### RECORDS

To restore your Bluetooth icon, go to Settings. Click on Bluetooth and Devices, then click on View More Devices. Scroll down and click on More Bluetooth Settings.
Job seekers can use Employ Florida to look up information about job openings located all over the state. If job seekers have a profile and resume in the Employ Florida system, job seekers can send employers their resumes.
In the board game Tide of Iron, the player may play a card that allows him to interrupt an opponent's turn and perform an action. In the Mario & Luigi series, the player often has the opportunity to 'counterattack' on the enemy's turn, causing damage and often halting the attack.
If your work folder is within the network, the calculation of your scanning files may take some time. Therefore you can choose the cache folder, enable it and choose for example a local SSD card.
---
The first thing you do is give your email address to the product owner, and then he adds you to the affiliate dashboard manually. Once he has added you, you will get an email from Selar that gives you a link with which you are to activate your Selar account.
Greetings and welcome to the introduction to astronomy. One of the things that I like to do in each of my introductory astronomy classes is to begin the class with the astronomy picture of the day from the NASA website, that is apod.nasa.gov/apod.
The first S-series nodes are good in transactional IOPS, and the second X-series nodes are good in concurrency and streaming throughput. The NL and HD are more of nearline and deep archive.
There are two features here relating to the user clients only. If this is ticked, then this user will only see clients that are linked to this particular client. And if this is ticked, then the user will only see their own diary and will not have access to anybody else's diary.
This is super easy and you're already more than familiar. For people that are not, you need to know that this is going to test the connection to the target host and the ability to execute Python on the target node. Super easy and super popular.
* * *
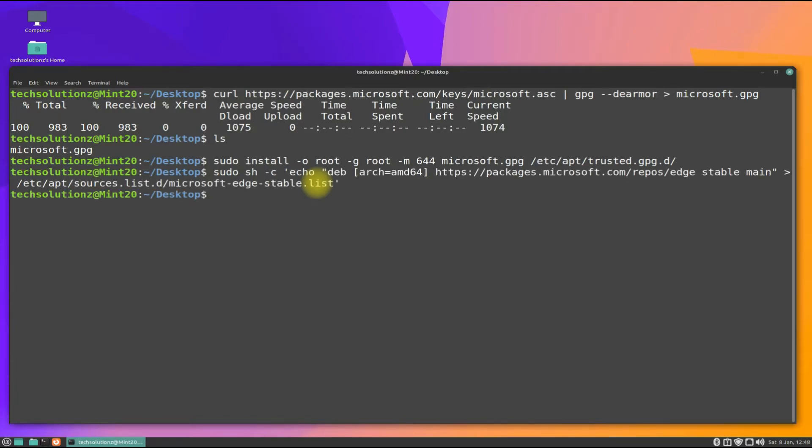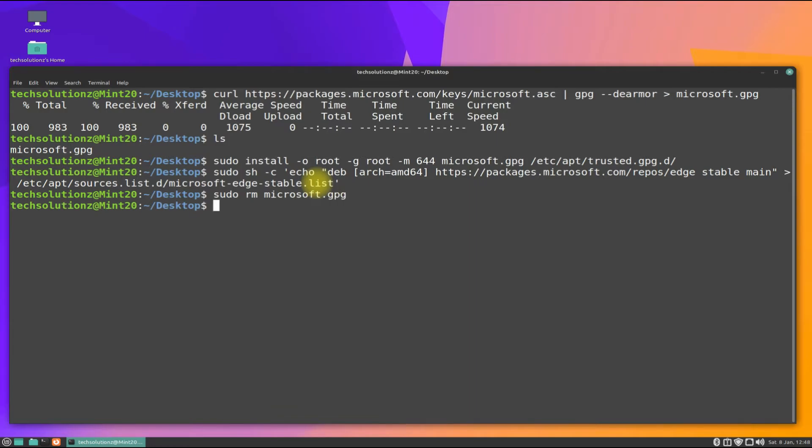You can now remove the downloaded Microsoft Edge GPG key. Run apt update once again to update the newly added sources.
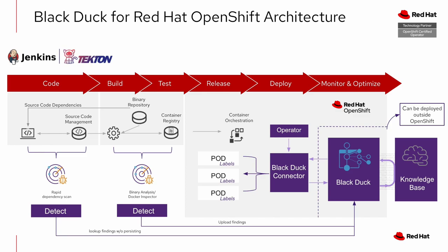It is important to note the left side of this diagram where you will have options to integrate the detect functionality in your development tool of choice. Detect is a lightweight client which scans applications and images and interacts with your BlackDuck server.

### WHAT NEEDS TO BE DONE
Transcribe each line of the data above, unaltered, from the one where "The first thing" appears to the one where "This is super" appears, inclusive of both.

### REPLY
The first thing you do is give your email address to the product owner, and then he adds you to the affiliate dashboard manually. Once he has added you, you will get an email from Selar that gives you a link with which you are to activate your Selar account.
Greetings and welcome to the introduction to astronomy. One of the things that I like to do in each of my introductory astronomy classes is to begin the class with the astronomy picture of the day from the NASA website, that is apod.nasa.gov/apod.
The first S-series nodes are good in transactional IOPS, and the second X-series nodes are good in concurrency and streaming throughput. The NL and HD are more of nearline and deep archive.
There are two features here relating to the user clients only. If this is ticked, then this user will only see clients that are linked to this particular client. And if this is ticked, then the user will only see their own diary and will not have access to anybody else's diary.
This is super easy and you're already more than familiar. For people that are not, you need to know that this is going to test the connection to the target host and the ability to execute Python on the target node. Super easy and super popular.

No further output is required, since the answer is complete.